◆ WHAT NEEDS TO BE DONE
Excluding pictures, retype exactly the lines from the one with "Mercedes Sprinter W901/902/903/904/905" through the end of the records that follow.
(Beginning of DATASET RECORDS)
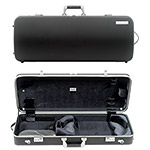 Bam Panther Hightech Oblong Viola Case, Black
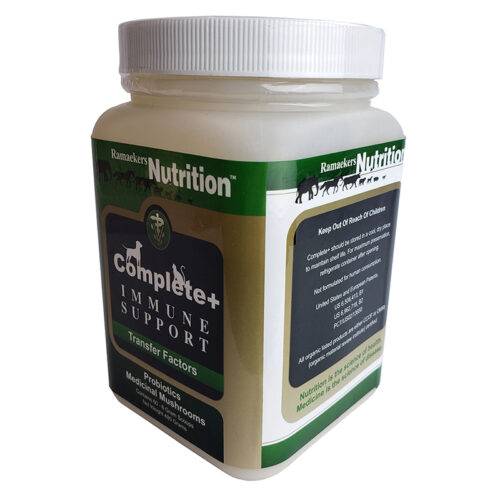 Complete+ Immune Support Powder was developed as a daily supplement for dogs and cats.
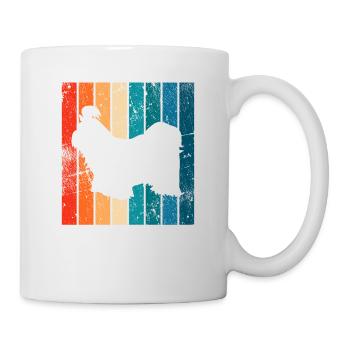Shih Tzu dog lover Retro vintage Gift idea - Mug - white - Right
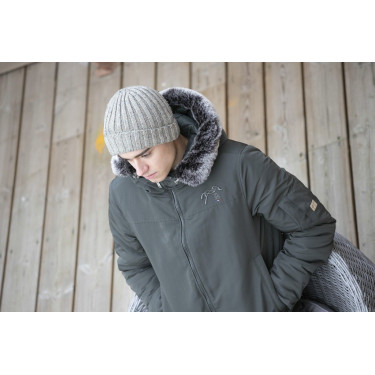 Pénélope Tiger Jacke Khaki Gr&uuml;n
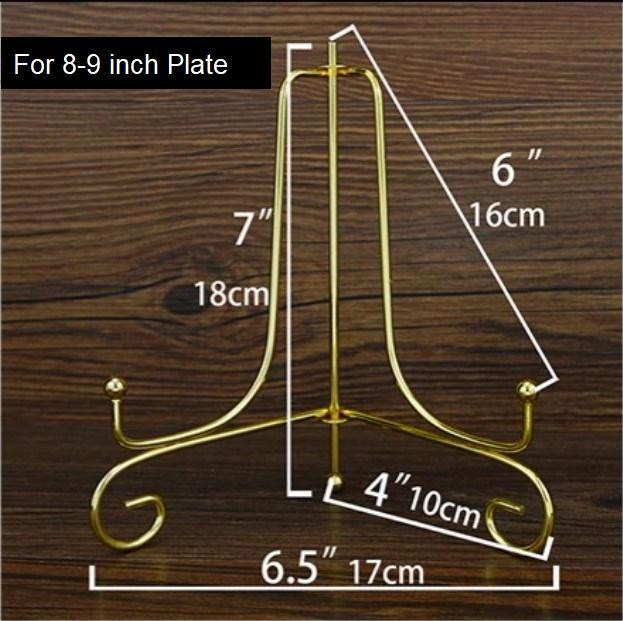 Elegant Golden Metal Photo Frame - 1 Pc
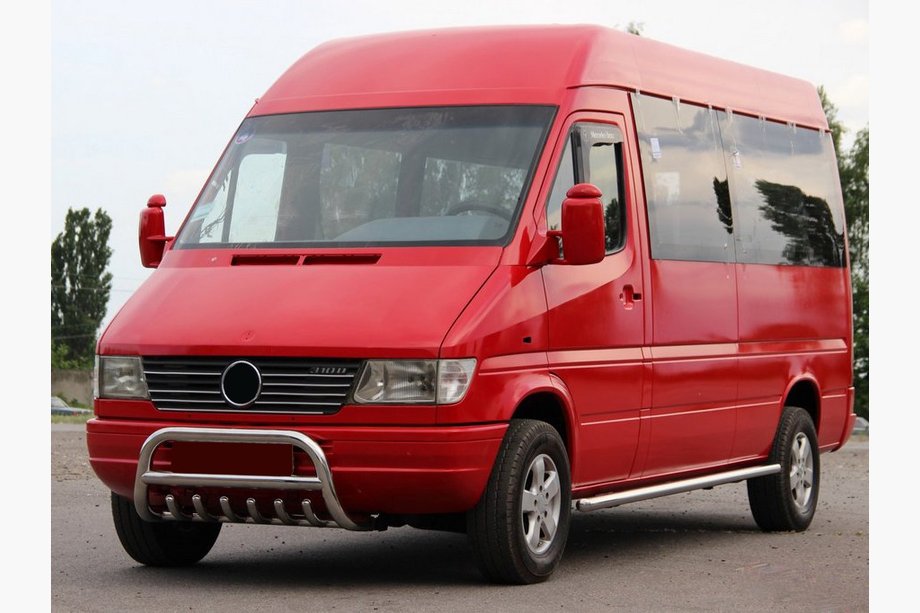 Mercedes Sprinter W901/902/903/904/905 1995–2006 Defensa Delantera WT008 (Acero Inoxidable) Image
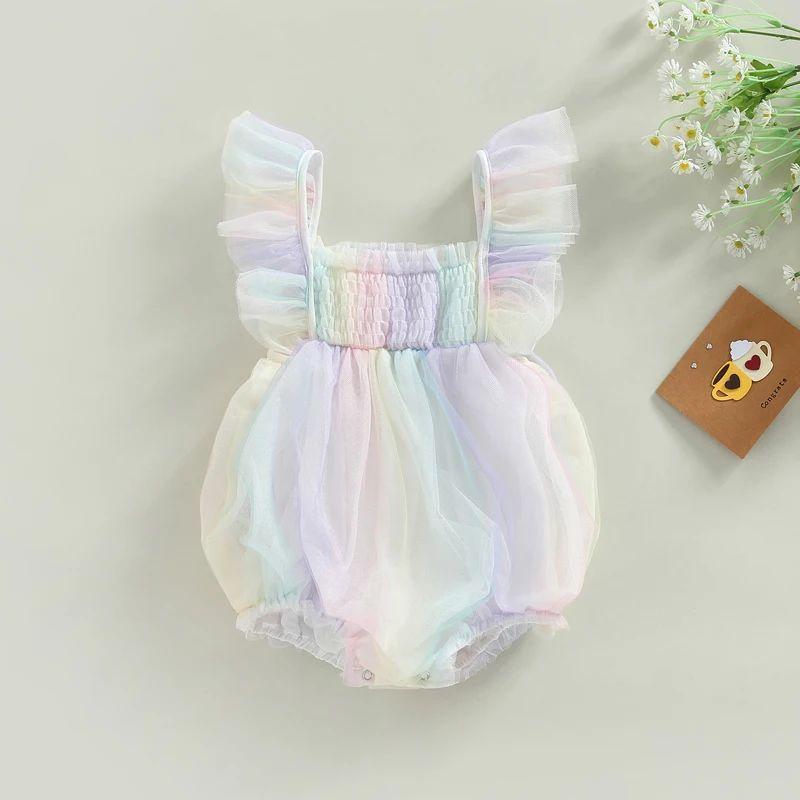 Summer Sweet Baby Clothing Newborn Baby Girls One-piece Suit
(End of DATASET RECORDS)
◆ EXERCISE RESULT
 Mercedes Sprinter W901/902/903/904/905 1995–2006 Defensa Delantera WT008 (Acero Inoxidable) Image
 Summer Sweet Baby Clothing Newborn Baby Girls One-piece Suit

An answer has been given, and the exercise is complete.